··· Dataset content ···

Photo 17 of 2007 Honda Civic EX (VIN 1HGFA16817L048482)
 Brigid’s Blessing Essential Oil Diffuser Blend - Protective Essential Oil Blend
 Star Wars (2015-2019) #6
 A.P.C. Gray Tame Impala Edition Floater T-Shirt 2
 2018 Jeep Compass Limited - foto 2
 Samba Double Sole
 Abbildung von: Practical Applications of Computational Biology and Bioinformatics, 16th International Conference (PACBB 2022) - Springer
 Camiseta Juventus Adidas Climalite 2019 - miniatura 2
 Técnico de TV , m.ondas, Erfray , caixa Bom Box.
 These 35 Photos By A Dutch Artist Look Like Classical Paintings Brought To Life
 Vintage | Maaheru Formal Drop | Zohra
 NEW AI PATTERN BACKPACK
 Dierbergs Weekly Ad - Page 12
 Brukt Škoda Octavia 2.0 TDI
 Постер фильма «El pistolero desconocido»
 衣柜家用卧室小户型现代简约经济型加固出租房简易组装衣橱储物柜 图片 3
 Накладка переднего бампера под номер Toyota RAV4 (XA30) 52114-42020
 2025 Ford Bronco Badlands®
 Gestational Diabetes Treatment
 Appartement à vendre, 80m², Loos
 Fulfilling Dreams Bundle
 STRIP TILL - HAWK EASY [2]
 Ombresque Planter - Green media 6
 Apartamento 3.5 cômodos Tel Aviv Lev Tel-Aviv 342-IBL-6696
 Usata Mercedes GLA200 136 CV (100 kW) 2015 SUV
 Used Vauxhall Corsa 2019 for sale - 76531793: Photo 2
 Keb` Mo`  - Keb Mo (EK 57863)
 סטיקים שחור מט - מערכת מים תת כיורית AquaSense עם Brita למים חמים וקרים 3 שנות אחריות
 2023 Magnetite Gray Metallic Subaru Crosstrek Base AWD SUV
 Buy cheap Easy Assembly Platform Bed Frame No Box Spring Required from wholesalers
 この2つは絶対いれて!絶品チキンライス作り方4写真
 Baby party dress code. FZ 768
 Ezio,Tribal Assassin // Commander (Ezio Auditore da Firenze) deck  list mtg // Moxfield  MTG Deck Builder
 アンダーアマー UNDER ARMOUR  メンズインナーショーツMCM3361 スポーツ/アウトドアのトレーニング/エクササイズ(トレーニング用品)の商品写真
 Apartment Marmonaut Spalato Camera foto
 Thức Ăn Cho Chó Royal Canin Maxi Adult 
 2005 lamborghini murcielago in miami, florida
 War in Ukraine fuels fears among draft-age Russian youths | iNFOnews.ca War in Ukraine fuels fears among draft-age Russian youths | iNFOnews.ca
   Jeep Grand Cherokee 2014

···

→ Work request
The entries need to be set down again in full, with no word changed.

→ Answer
Photo 17 of 2007 Honda Civic EX (VIN 1HGFA16817L048482)
 Brigid’s Blessing Essential Oil Diffuser Blend - Protective Essential Oil Blend
 Star Wars (2015-2019) #6
 A.P.C. Gray Tame Impala Edition Floater T-Shirt 2
 2018 Jeep Compass Limited - foto 2
 Samba Double Sole
 Abbildung von: Practical Applications of Computational Biology and Bioinformatics, 16th International Conference (PACBB 2022) - Springer
 Camiseta Juventus Adidas Climalite 2019 - miniatura 2
 Técnico de TV , m.ondas, Erfray , caixa Bom Box.
 These 35 Photos By A Dutch Artist Look Like Classical Paintings Brought To Life
 Vintage | Maaheru Formal Drop | Zohra
 NEW AI PATTERN BACKPACK
 Dierbergs Weekly Ad - Page 12
 Brukt Škoda Octavia 2.0 TDI
 Постер фильма «El pistolero desconocido»
 衣柜家用卧室小户型现代简约经济型加固出租房简易组装衣橱储物柜 图片 3
 Накладка переднего бампера под номер Toyota RAV4 (XA30) 52114-42020
 2025 Ford Bronco Badlands®
 Gestational Diabetes Treatment
 Appartement à vendre, 80m², Loos
 Fulfilling Dreams Bundle
 STRIP TILL - HAWK EASY [2]
 Ombresque Planter - Green media 6
 Apartamento 3.5 cômodos Tel Aviv Lev Tel-Aviv 342-IBL-6696
 Usata Mercedes GLA200 136 CV (100 kW) 2015 SUV
 Used Vauxhall Corsa 2019 for sale - 76531793: Photo 2
 Keb` Mo`  - Keb Mo (EK 57863)
 סטיקים שחור מט - מערכת מים תת כיורית AquaSense עם Brita למים חמים וקרים 3 שנות אחריות
 2023 Magnetite Gray Metallic Subaru Crosstrek Base AWD SUV
 Buy cheap Easy Assembly Platform Bed Frame No Box Spring Required from wholesalers
 この2つは絶対いれて!絶品チキンライス作り方4写真
 Baby party dress code. FZ 768
 Ezio,Tribal Assassin // Commander (Ezio Auditore da Firenze) deck  list mtg // Moxfield  MTG Deck Builder
 アンダーアマー UNDER ARMOUR  メンズインナーショーツMCM3361 スポーツ/アウトドアのトレーニング/エクササイズ(トレーニング用品)の商品写真
 Apartment Marmonaut Spalato Camera foto
 Thức Ăn Cho Chó Royal Canin Maxi Adult 
 2005 lamborghini murcielago in miami, florida
 War in Ukraine fuels fears among draft-age Russian youths | iNFOnews.ca War in Ukraine fuels fears among draft-age Russian youths | iNFOnews.ca
   Jeep Grand Cherokee 2014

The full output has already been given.